I used to play fantasy baseball with a guy a lot like Jim Bowden. He was great to have in the league, in large part because he was about as willing a trade partner as you could find this side of the East India Company. He traded and churned his roster incessantly, and if you entered into negotiations with him, all you had to do was wait him out because sooner or later he'd propose a combination that you could live with.
This made for some interesting deals, but not a lot of upper-division finishes, and for the longest time I couldn't understand why he played the way he did. Then, finally, I figured it out.
He wasn't interested in winning. He was interested in looking smart. Every deal, every transaction was a chance to show off how clever he was. The macro didn't matter, and he was incapable of cohering his various moves into a long-term strategy. But each trade he made, he had to "win", and let you know he'd won, and have people tell him how clever he'd been.

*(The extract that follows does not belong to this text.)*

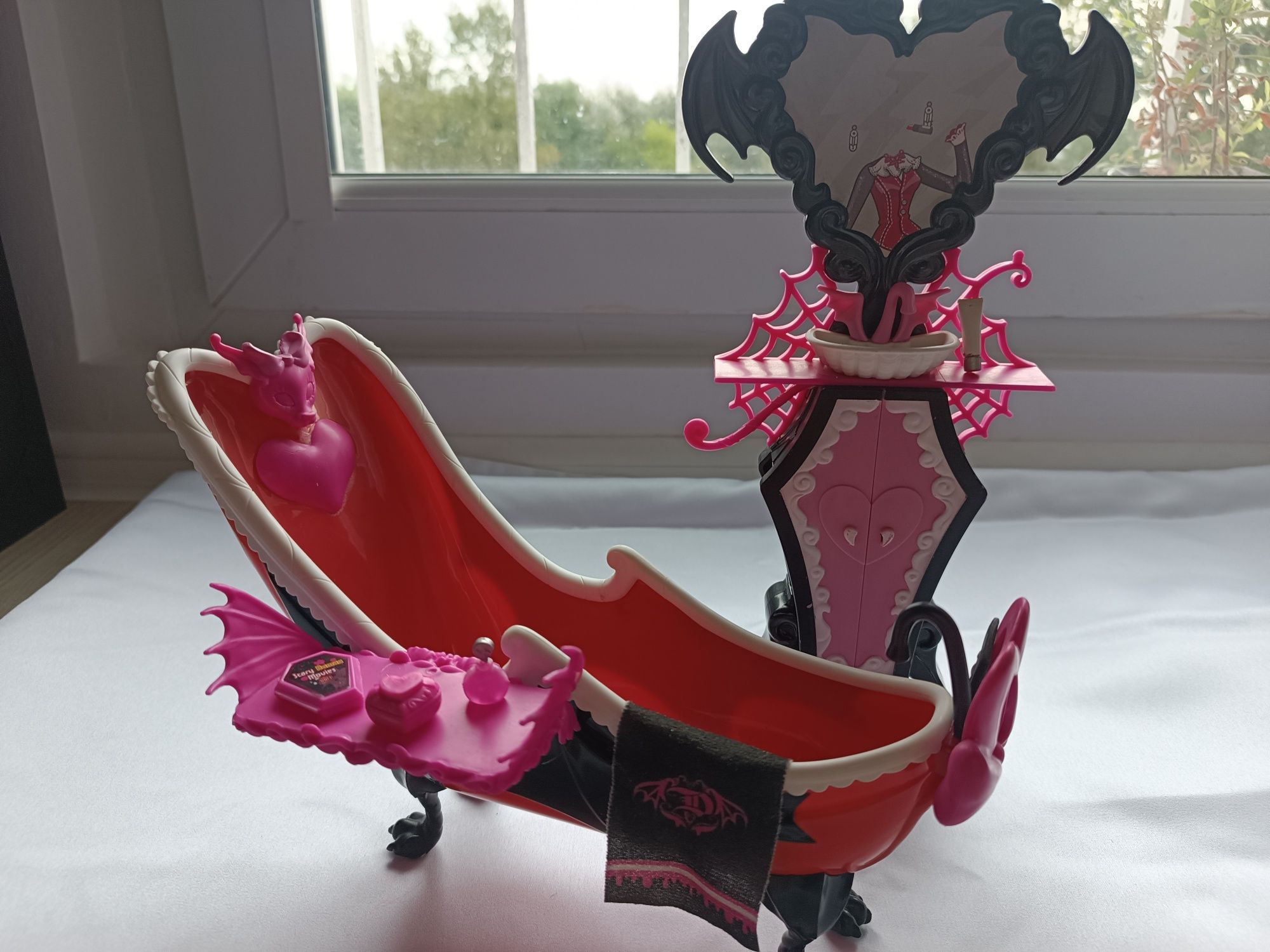 Monster high akcesoria draculaura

That's Jim Bowden. He's completely failed to put together a team. He's made some good trades and interesting signings, but they don't fit together, and he's failed to deal from strength or address weaknesses. But each of those individual deals - for Milledge and Dukes and Willingham and whoever - is clever, right? Each of them by itself was a pretty good move.
As for the Dominican bonus scandal, well, that sounds like a guy trying to be too clever, too. The money, ultimately, couldn't have been the real incentive, not with the money that's floating around for successful GMs these days. No, it had to be the feeling of getting away with something, with getting one over on the system. Was it conducive to building a good team? No, but that's tomorrow's problem. Today was all about getting away with it.
He's probably not going to be getting away with it any more. There aren't going to be many more of those momentary victories. And the franchise he was entrusted with will be, at the end of the day, not very good as a result of all of his efforts.
Here's hoping the Lerners do the right thing, for their business' sake. Get rid of Bowden - his track record certainly mandates it. Let someone new come in to clean up the mess. Someone dedicated to teambuilding. Someone who can plan long-term. Someone who, at the end of the day, doesn't constantly need to be told he's clever.